(DATA EXTRACT begins)
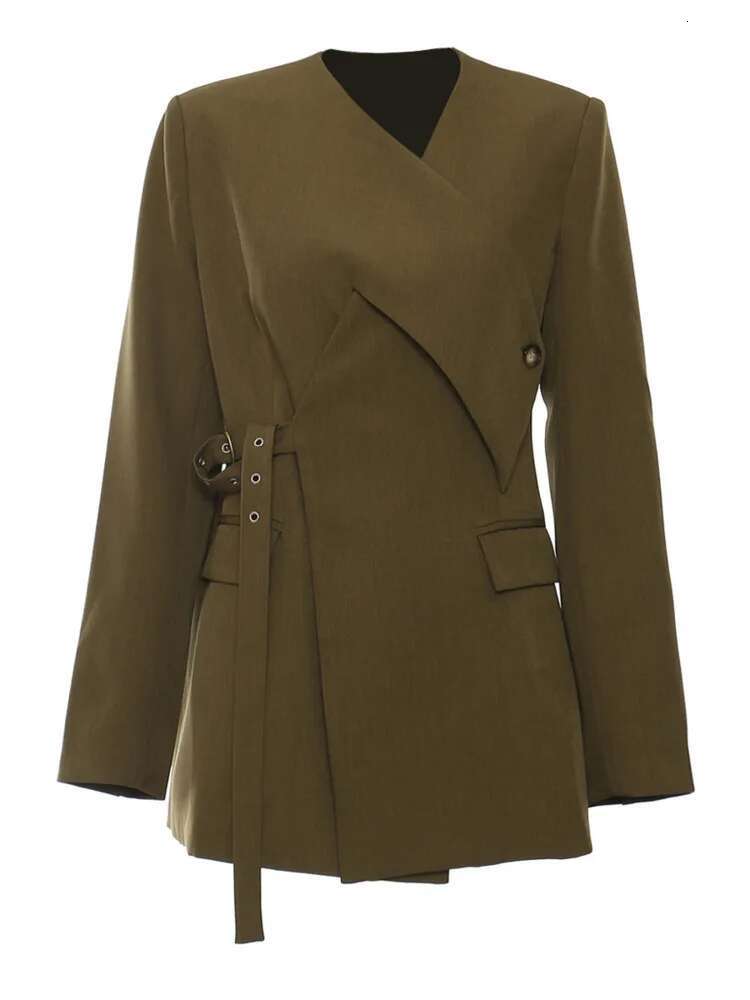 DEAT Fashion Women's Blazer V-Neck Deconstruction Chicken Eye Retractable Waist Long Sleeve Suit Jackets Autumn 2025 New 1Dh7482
(DATA EXTRACT ends)
(DATA EXTRACT begins)
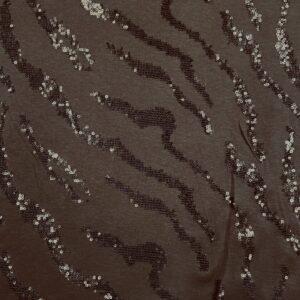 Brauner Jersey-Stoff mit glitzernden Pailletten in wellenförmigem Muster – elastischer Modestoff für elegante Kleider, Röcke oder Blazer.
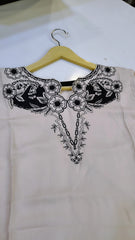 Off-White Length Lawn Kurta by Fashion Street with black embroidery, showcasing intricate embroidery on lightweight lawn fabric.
(DATA EXTRACT ends)
(DATA EXTRACT begins)
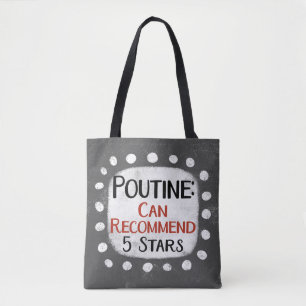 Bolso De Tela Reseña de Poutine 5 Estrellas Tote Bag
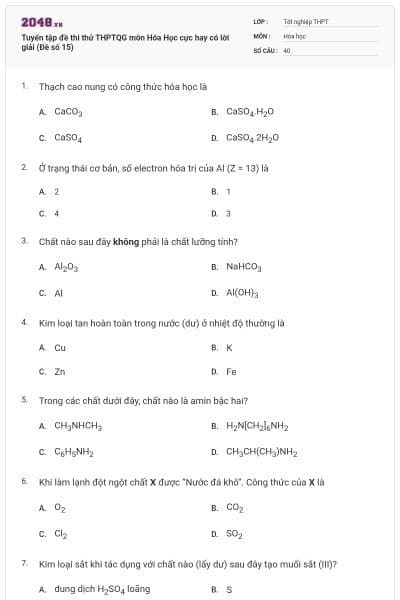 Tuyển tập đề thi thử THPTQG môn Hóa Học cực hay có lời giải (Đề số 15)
(DATA EXTRACT ends)
## WHAT IS NEEDED
Your copy should hold only the lines above from the one containing "Bolso De Tela" through the one containing "Tuyển tập đề", exactly as written and free of pictures.

## RESULT
 Bolso De Tela Reseña de Poutine 5 Estrellas Tote Bag
 Tuyển tập đề thi thử THPTQG môn Hóa Học cực hay có lời giải (Đề số 15)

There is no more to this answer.